Take the lines from the one with "男生和女生一起拆拆拆30分钟" through the last line of the material below and write them out exactly, without any pictures.

▸ **Exercise inputs**
..........

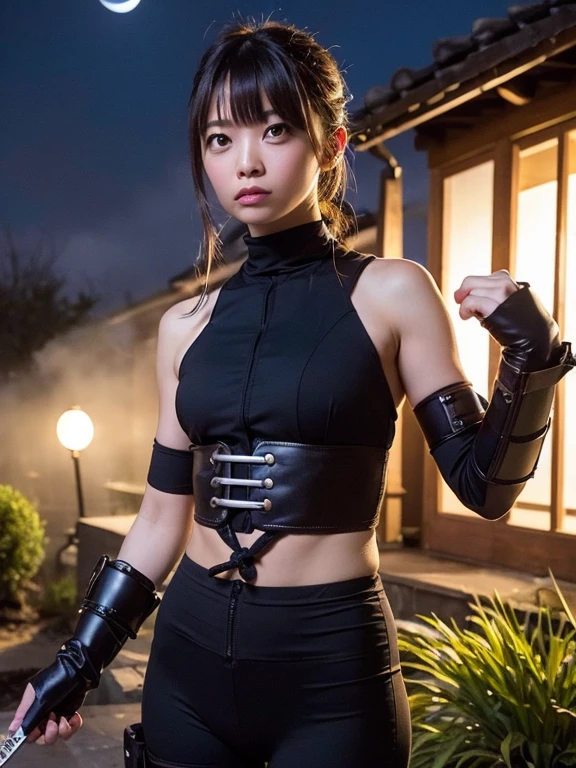 (((Full body portrait)))、(((Kneel)))、(((Kneel)))、(((A 20-year-old female police officer with a cute face like a 16-year-old idol)))、((She is in a police uniform))、((Sad expression))、((Tied up in front of a luxury lingerie store))、(((Wearing a red leather collar around his neck)))、(((the whole body is tied with a rope)))、(Artistic Expression)、Cleavage、Front image (((Tying over clothes,)), bondage, shibari:1.5, (((both arms tied))), ((bondage))、Accurate、Anatomically correct、Textured skin、Very detailed、 Attention to detail、Highest quality、High resolution、Genuine、Indistinguishable from live-action、realism、RAW Photos、masterpiece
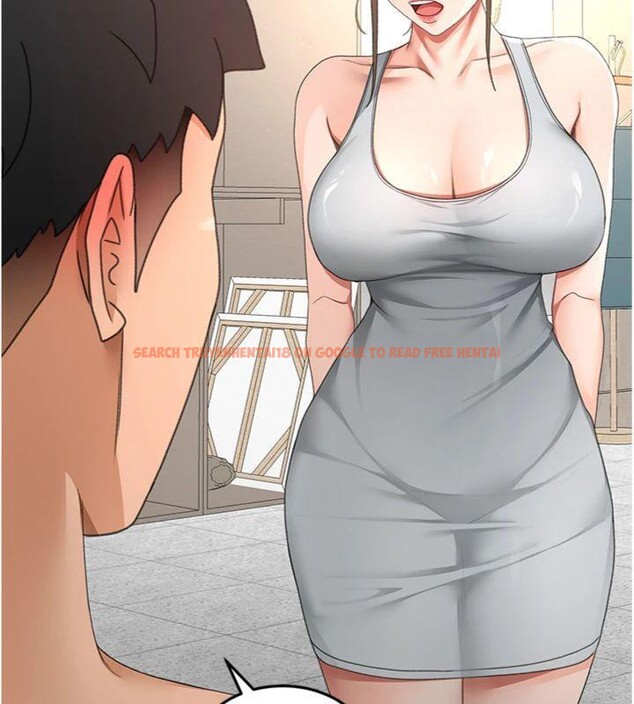 查看漫画頂加套房的春天 - 第34話-提高自尊心的手淫 - sayhentaiz.net中的3747766图片 查看漫画頂加套房的春天 - 第34話-提高自尊心的手淫 - sayhentaiz.net中的3747766图片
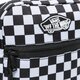 Moteriškas krepšys VANS RANKINUKAS STREET READY II CROSSBODY vn0a4bh156m1 spalva juoda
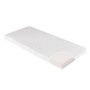 Voir la diapositive 4 : CANDIDE Matelas De Berceau Fresh CANDIDE 50x83x5cm, Sans Traitement, Idéal Cododo, Thermorégulant, Fabriqué En France, Garantie 5 Ans
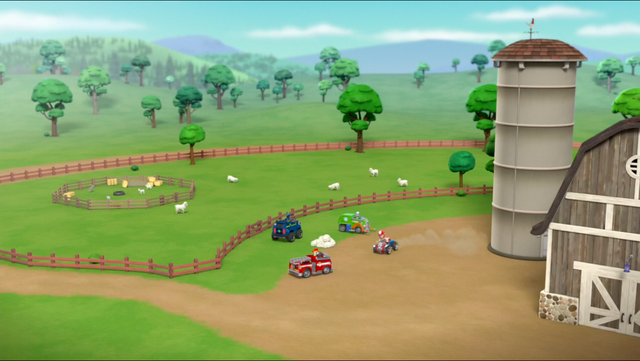 File:Sheep 16.png
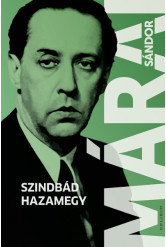 Szindbád hazamegy (új kiadás)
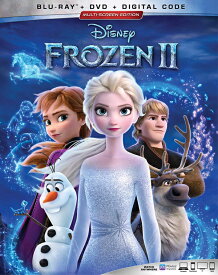 楽天市場 アナと雪の女王 フランス語の通販
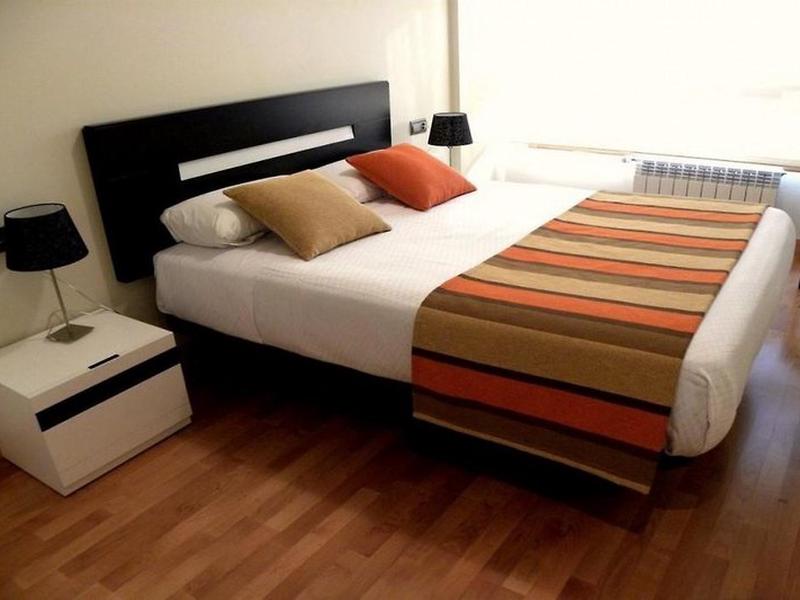 949DA33120D4F1ABD1A7691E8469F333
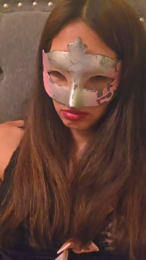 amorjuntos webcam model stream image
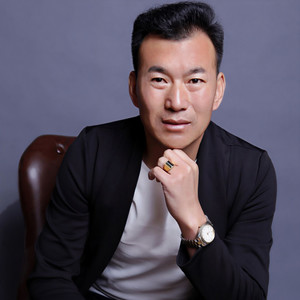 李广田资料,李广田最新歌曲,李广田MV视频,李广田音乐专辑,李广田好听的歌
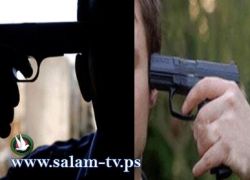 تأثر بمسلسل تركي فأطلق النار على نفسه داخل مدرسته وفارق الحياة!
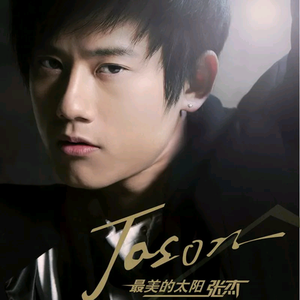 男生和女生一起拆拆拆30分钟
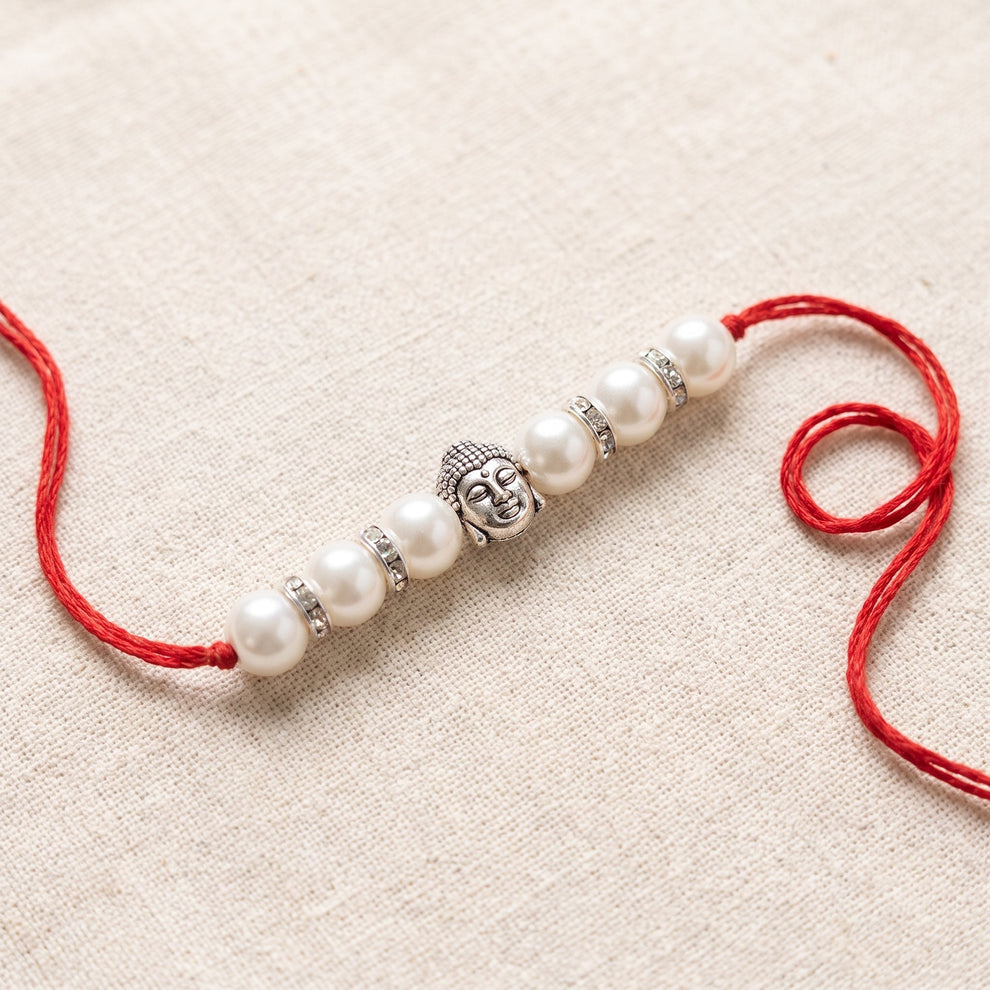 chandra-moti-rakhi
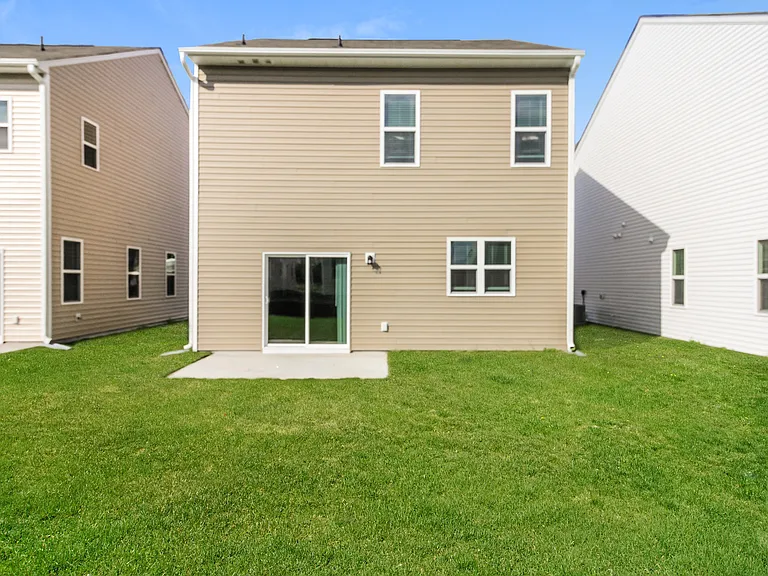1537 King St — Photo 15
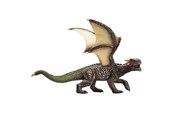 Figurki - Mojo Fantasy Earth Dragon - 387250
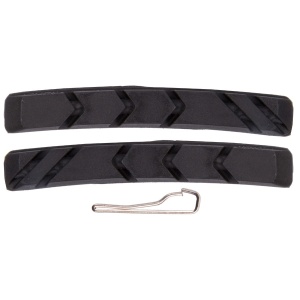 Rezerve Saboti Detasabili M-WAVE BPR-Insert-VC (361742) - Img 2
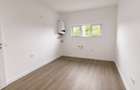 Duplex 5 Camere | Zona Braytim | 120mp utili | 170mp Teren | Finisaje Premium - 6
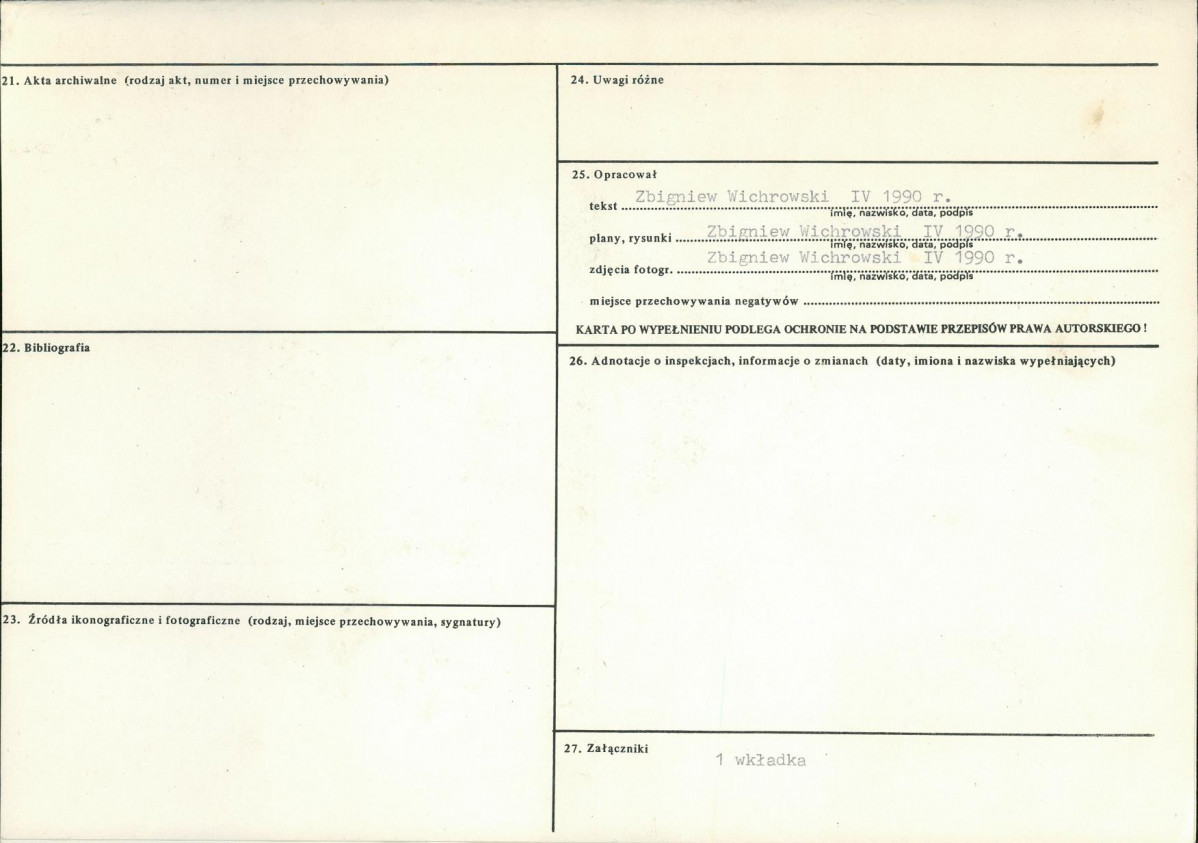 Karta biała, skan nr 4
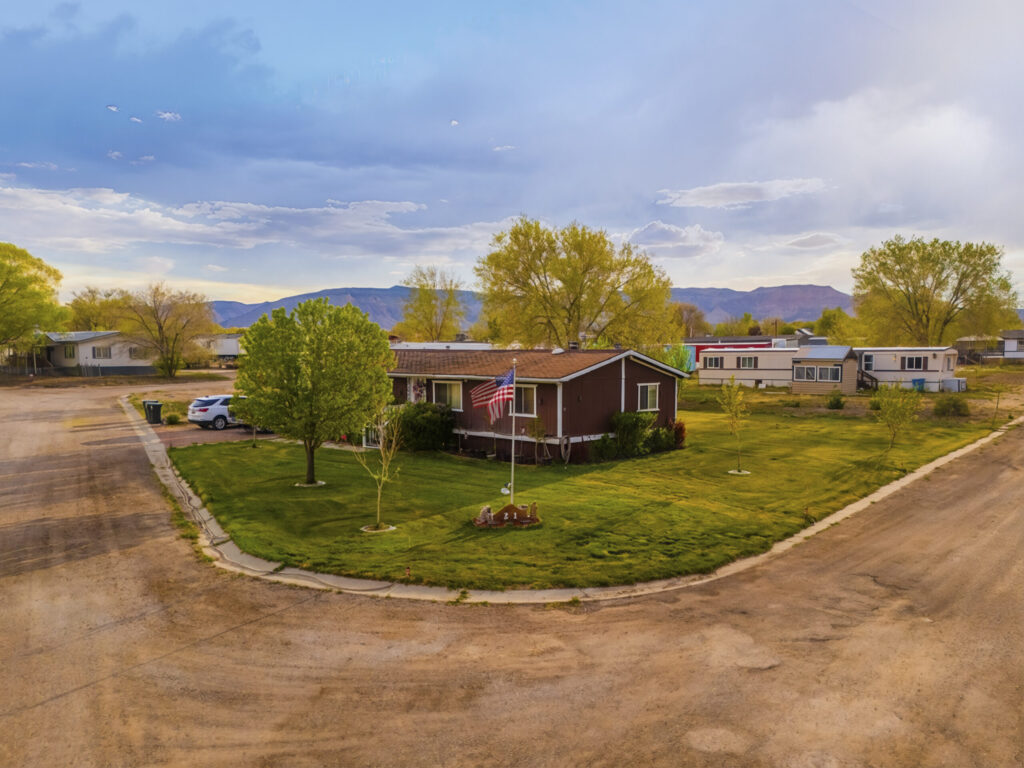 120_UTAH_02-6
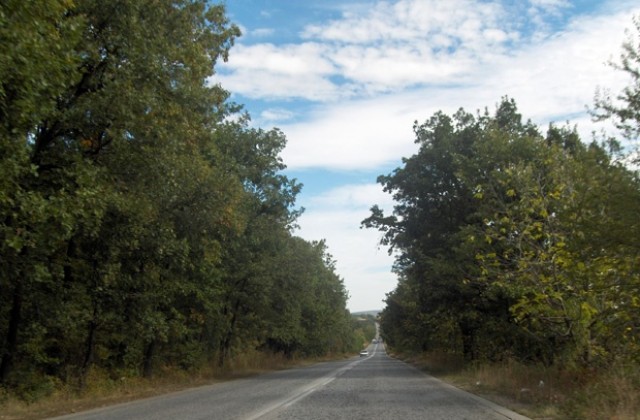 Врачанин оглави пътното в Монтана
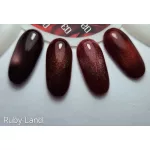 Rubyland 04 gel lak 8 ml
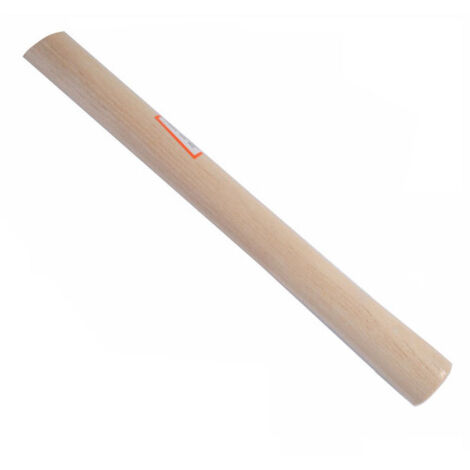 Manija Martelli Carpintería Madera 39X30 H 60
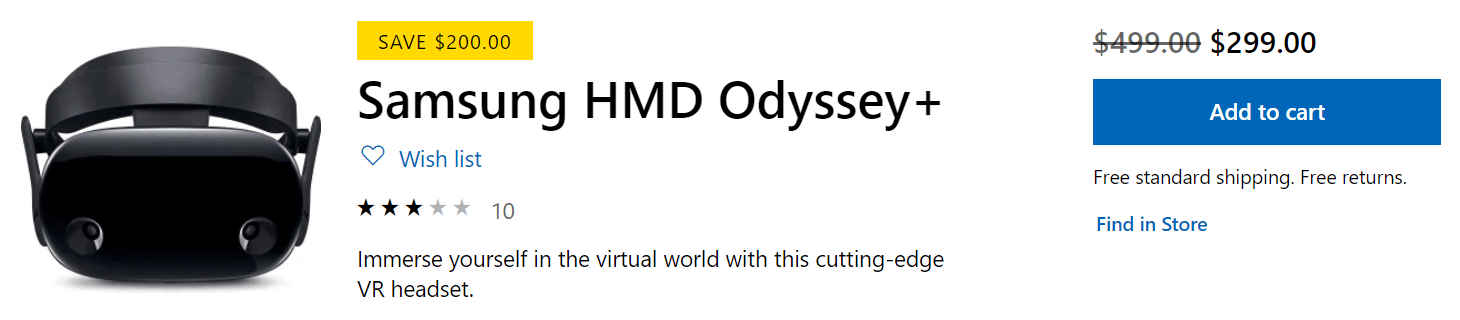 Afbeeldingslocatie: https://tweakers.net/ext/f/WHAKV9mLkfhmrO2Npxs7YvSr/full.png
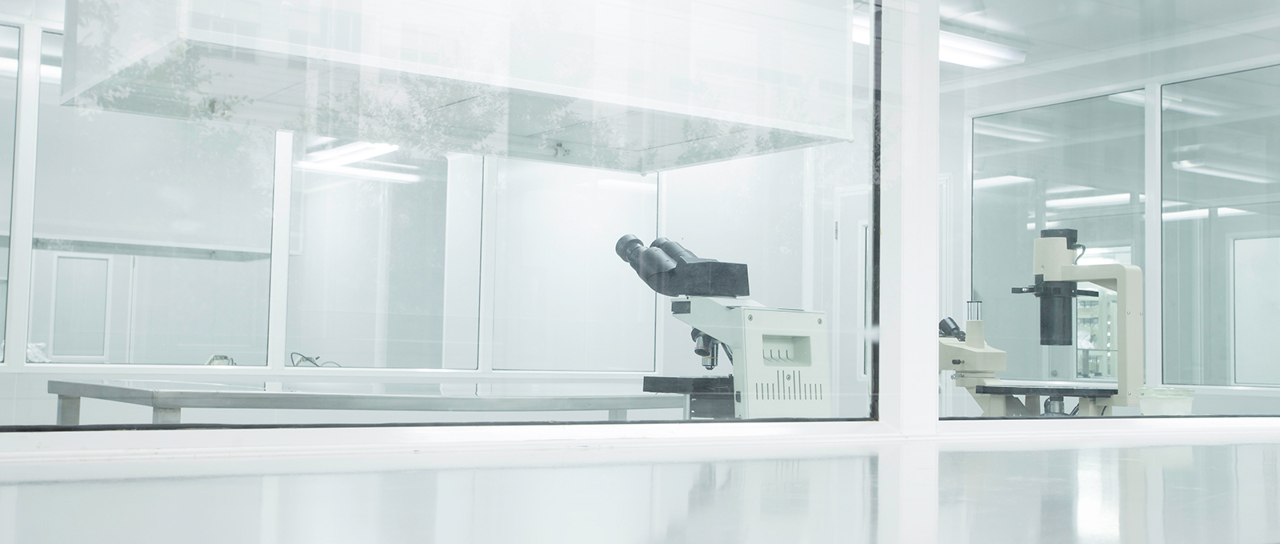 为什么密封出现问题会引发安全故障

..........

▸ **Response for this exercise**
 男生和女生一起拆拆拆30分钟
 chandra-moti-rakhi
1537 King St — Photo 15
 Figurki - Mojo Fantasy Earth Dragon - 387250
 Rezerve Saboti Detasabili M-WAVE BPR-Insert-VC (361742) - Img 2
 Duplex 5 Camere | Zona Braytim | 120mp utili | 170mp Teren | Finisaje Premium - 6
 Karta biała, skan nr 4
 120_UTAH_02-6
 Врачанин оглави пътното в Монтана
 Rubyland 04 gel lak 8 ml
 Manija Martelli Carpintería Madera 39X30 H 60
 Afbeeldingslocatie: https://tweakers.net/ext/f/WHAKV9mLkfhmrO2Npxs7YvSr/full.png
 为什么密封出现问题会引发安全故障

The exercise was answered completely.